Over the years since my diagnosis, people around me using this symbol has become a red flag. 

I’ve been mistreated online by people who use that symbol, so when I see someone use this logo, I approach cautiously (or go the other way as quickly as possible). 

Some people I encounter need help understanding the history of this symbol and will come around eventually. Others don’t care (or agree with) the “missing piece” theme (because they’re pro-Autism Speaks and ABA).

Many of the people who love this logo are non-autistics who feel their Autistic loved one is “pulling to them” or that “Autism was a missing piece of information” – choosing to will new meaning onto a symbol that online is often compared to other hate symbols and flags used by various hate groups. 

There are even Autistic People who champion puzzle pieces, believing we can “reclaim” something that once was horrible. 

I, and many of us who know the history, WISH they wouldn’t.Autistics who favor this logo as a symbol for Autism often say they “choose to see the puzzle piece” as Autism being the “piece of the puzzle” that explains their life, choosing to ignore what this symbol was originally intended to mean.

The original “Autism Puzzle Piece” symbol came onto the scene in 1963 and was designed by a board member of the National Autistic Society in London, Gerald Gasson, in 1963.

THE original NAS puzzle piece logo featured a green and black puzzle piece with a child CRYING on the front of it.
THE original NAS puzzle piece logo featured a green and black puzzle piece with a child CRYING on the front of it.

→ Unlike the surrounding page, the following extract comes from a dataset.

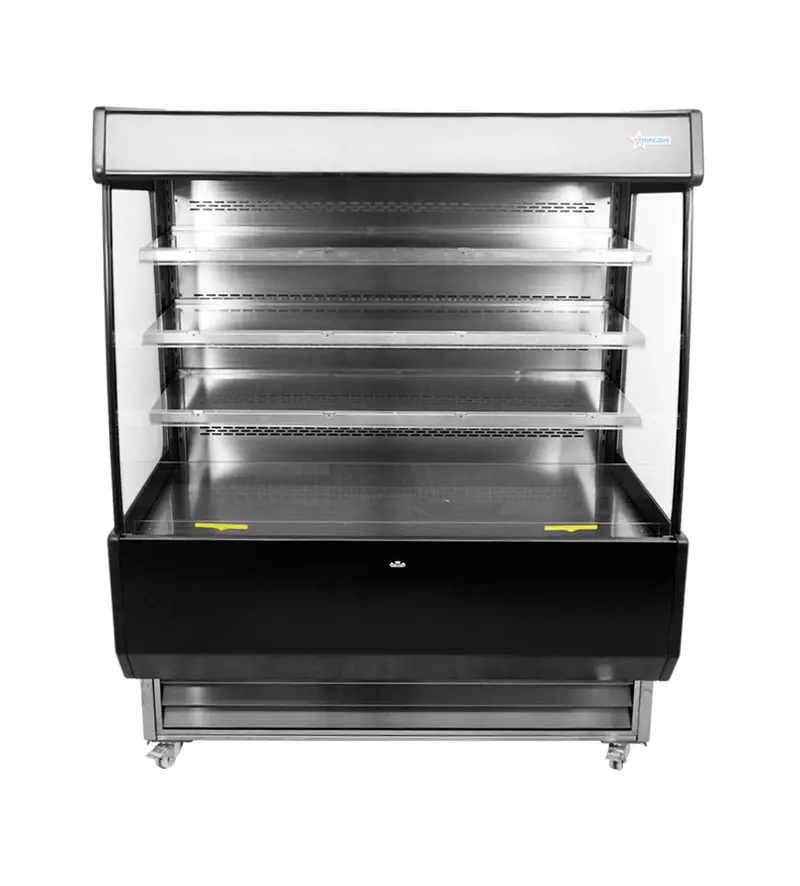 Omcan 51-Inch Grab-And-Go Open Refrigerated Floor Merchandiser – 27.2 Cu.Ft. 2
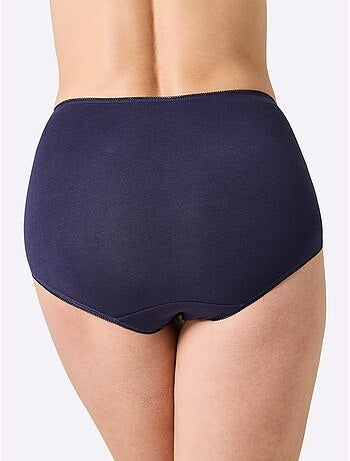 Culotte Taille Haute Jersey Fin - Taille Standard - Witt - Lot de 4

Initially, the puzzle piece logo, designed by a non-autistic parent of an Autistic kid, which featured a green and black puzzle piece with a child CRYING on the front of it, was supposed to symbolize that “Autism was a puzzling and mysterious condition.”

One problem many advocates have with the puzzle logo is that it is yet another symbol designed for us without our consent or input. 

Additionally, the childish puzzle logo and stylings imply that Autism only happens to children or goes away in adulthood (when in reality, Autism is a lifelong neuro-developmental difference). 

Autistic adults exist, but these childish and juvenile logos ignore that. 

Another problem many of us have is the connotation that Autistic People are “a mystery” when many of us (if you bother to ask) can tell you precisely what’s going on with us (even if it doesn’t make sense to you).

Of course, non-autistics, who don’t understand the inner workings of our minds, find us to be “confusing” and “puzzling.” I find non-autistics confusing and puzzling (especially when I don’t ask for clarification), too!

My biggest problem with the original logo is the crying child on the front.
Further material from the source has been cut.